CEO Barbara Byrd-Bennett has not announced what schools she plans to close yet, which means a vote can’t take place til at least mid-May. Spokeswoman Becky Carroll has said that the recommendations are not a done deal. “These are merely recommendations by the CEO,” she said
But, even within the Request for Proposals for the logistics management team, there seems to be some confusion. The proposal says the “final list of school closings published on March 31, 2013.”
“Immediately upon award (April 3),” the logistics company is to start doing an inventory of closing schools and welcoming schools so that orders for textbooks and furniture can take place this spring, according to the RFP.
According to the RFP, locks will be changed at the closing schools by June 28, two days after the official end of school. Staff from each closing school, including the counselor, clerk, custodian and engineers, will stay on through the closure and welcoming activities.

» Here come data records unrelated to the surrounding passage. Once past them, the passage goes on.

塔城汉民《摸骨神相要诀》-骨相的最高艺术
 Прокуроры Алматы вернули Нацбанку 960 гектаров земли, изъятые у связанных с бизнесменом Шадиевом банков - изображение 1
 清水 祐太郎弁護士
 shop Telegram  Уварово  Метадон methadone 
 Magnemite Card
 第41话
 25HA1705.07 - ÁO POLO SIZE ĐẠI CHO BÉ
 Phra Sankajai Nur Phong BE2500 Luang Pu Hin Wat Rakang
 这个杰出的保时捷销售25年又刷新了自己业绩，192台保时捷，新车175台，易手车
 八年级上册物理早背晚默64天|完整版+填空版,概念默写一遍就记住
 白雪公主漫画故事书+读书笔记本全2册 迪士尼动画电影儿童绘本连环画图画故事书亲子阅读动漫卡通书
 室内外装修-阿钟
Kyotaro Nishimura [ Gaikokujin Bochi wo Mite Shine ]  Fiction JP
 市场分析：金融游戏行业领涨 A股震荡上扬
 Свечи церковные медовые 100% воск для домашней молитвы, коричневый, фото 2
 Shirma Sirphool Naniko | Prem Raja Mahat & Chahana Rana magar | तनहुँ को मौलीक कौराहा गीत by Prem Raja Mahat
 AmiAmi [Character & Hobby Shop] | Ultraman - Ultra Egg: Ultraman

The logistics coordinator will hire movers and packers and warehousing. One logistical nightmare: Any material bought with a grant needs to follow the students, teachers and principals participating in or responsible for the grant and shouldn’t be mixed in with other material.
These requests also confirm that closing schools will end up being an expensive process as desks, books and computers must be moved, buildings must be shuttered and services must be provided to try to create a smooth transition. In addition, Byrd-Bennett has hired ex-Marine Tom Tyrrell to help with logistics. How much Tyrell is being paid is unclear, as his hire was not approved by the Board of Education, nor is he listed as a vendor.
CPS received a $478,000 grant from the Walton Foundation to facilitate the school closing process.